Functional disturbances come to the fore: difficulty breathing and a change in voice up to aphonia. Laryngoscopy data indicate the location and size of the lesion of the larynx, changes in the glottis, the nature of edema and infiltrate, fibrous plaque and its prevalence. In each case, it is necessary to exclude the possibility of diphtheria.
In the first 1-2 hours after the burn, inhalation with a weak (0.5%) solution of alkali (with acid burn) or acid (with alkali burn) is advisable. The same substances need to rinse the throat and oral cavity. An indispensable condition is compliance with silence for 10-14 days. To relieve pain, rinse with warm decoctions of chamomile, sage 2 times a day for 2-3 weeks. In the presence of odor from the mouth and fibrinous films on the mucous membrane of the oral cavity and pharynx, rinse with a weak solution of potassium permanganate. A good effect is given by inhalation therapy. Inhalations of menthol, peach, apricot oils, antibiotics are used in combination with a suspension of hydrocortisone (15-20 procedures per course).
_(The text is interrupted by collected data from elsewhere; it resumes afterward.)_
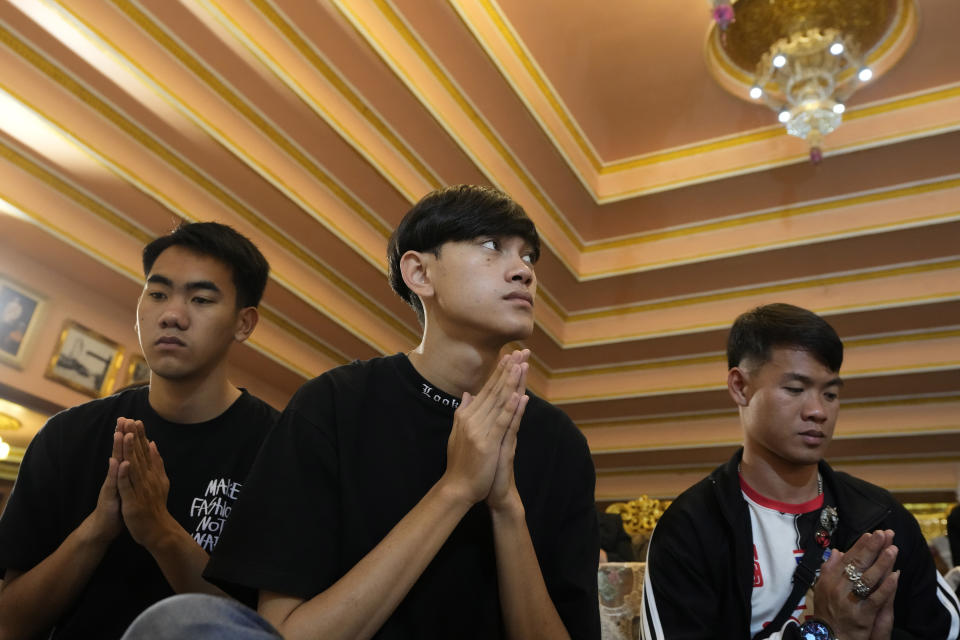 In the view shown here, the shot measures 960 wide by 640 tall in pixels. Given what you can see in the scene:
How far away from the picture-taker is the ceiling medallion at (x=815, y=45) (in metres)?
5.39

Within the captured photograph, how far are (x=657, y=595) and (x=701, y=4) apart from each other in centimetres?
469

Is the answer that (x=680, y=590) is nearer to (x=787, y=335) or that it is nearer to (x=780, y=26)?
(x=787, y=335)

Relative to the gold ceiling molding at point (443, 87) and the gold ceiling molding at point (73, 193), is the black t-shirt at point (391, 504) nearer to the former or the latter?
the gold ceiling molding at point (443, 87)

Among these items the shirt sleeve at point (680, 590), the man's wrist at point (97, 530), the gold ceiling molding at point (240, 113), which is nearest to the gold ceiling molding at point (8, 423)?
the gold ceiling molding at point (240, 113)

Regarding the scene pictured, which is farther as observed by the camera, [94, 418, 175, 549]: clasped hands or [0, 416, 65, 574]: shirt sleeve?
[0, 416, 65, 574]: shirt sleeve

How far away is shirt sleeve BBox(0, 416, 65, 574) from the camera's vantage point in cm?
196

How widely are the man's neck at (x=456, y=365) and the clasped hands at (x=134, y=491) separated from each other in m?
0.68

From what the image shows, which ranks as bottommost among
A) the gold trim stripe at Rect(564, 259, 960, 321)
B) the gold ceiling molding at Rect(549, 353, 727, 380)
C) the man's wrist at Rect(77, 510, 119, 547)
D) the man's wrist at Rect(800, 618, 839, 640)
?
the man's wrist at Rect(77, 510, 119, 547)

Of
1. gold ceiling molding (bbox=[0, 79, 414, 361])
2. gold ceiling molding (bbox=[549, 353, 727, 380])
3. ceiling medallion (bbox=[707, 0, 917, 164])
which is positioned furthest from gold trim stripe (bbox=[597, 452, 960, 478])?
gold ceiling molding (bbox=[0, 79, 414, 361])

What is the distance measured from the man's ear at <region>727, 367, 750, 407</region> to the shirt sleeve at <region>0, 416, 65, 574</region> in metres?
2.02

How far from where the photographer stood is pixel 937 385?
7.72 metres

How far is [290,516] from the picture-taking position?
5.00 feet

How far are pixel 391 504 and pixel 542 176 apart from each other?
5.41m

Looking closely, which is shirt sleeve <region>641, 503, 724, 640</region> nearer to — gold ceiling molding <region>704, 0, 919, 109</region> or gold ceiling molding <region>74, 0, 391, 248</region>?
gold ceiling molding <region>74, 0, 391, 248</region> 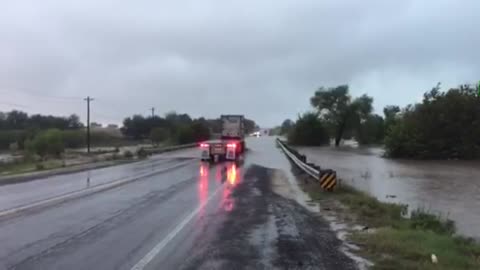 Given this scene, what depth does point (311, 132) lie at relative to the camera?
4751 inches

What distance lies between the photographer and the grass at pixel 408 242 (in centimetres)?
939

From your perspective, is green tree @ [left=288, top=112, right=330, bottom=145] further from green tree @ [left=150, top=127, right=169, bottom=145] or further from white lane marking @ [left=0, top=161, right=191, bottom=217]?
white lane marking @ [left=0, top=161, right=191, bottom=217]

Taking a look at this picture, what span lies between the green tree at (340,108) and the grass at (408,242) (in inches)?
4288

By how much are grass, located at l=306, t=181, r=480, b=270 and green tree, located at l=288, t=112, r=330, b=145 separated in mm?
103666

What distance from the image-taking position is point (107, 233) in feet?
38.3

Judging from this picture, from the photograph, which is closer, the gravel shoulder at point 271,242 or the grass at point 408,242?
the gravel shoulder at point 271,242

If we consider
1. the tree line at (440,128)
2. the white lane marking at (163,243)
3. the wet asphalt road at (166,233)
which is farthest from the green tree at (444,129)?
the white lane marking at (163,243)

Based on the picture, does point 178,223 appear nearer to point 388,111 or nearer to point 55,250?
point 55,250

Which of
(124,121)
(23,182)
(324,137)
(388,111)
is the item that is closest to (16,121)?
(124,121)

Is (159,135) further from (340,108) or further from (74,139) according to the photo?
(340,108)

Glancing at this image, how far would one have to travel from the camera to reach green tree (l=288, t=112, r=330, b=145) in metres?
121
Active anti-inflammatory and hyposensitizing therapy is carried out.
Chemical burns of the digestive tract.
Chemical burns of the pharynx and esophagus occur when swallowing corrosive liquid poisons, most often concentrated solutions of acids and alkalis, taken accidentally or with a suicidal purpose. When exposed to acid, a dense scab forms, when exposed to alkalis, a soft, loose scab is formed. Three degrees of pathological changes in tissues are clinically distinguished:
I degree - erythema;
II degree - blistering;
III degree - necrosis. Clinic.
In the first hours and days after a burn, acute pain in the throat and along the esophagus is characteristic, intensifying with swallowing and coughing. Extensive scabs form on the mucous membrane of the lips and oral cavity, pharynx. If toxic substances enter the larynx, trachea, coughing and suffocation attacks occur. In some cases, a toxic substance can be recognized by smell.
With burns of the first degree, only the superficial epithelial layer is damaged, which is rejected for 3-4 days, exposing the hyperemic mucous membrane. The general condition of the patient suffers little. II degree burns cause intoxication, which is most pronounced on days 6-7 during the period of rejection of necrotic deposits, leaving erosion.
Since the thickness of the mucous membrane is damaged, the healing is granular with an outcome in the superficial scar. With the III degree of burn, the mucous membrane and underlying tissue are damaged at different depths, severe intoxication occurs. Scab rejection occurs by the end of the 2nd week, deep ulcers are formed, the healing of which lasts for several weeks, and sometimes months. In this case, gross deforming scars are formed, usually causing a narrowing of the esophagus.
Esophageal burns are often accompanied by complications such as laryngitis, tracheobronchitis, esophageal perforation, periesophagitis, mediastinitis, pneumonia, sepsis, and exhaustion. In childhood, burns of I and U degrees cause swelling of the pharynx and larynx, an abundance of sputum, which leads to significant respiratory failure due to stenosis in the throat and larynx.
Treatment for burns of the pharynx and esophagus should begin as early as possible, best at the scene. With chemical burns in the first 6 hours, it is necessary to neutralize the toxic substance. In the absence of an antidote, water should be used with the addition of half the volume of milk or raw egg proteins. Permissible gastric lavage with boiled warm water. If it is impossible to introduce a gastric tube, give 5-6 cups of washing liquid to drink, then induce vomiting by pressing on the root of the tongue. Rinsing should be repeated using 3-4 l of washing liquid.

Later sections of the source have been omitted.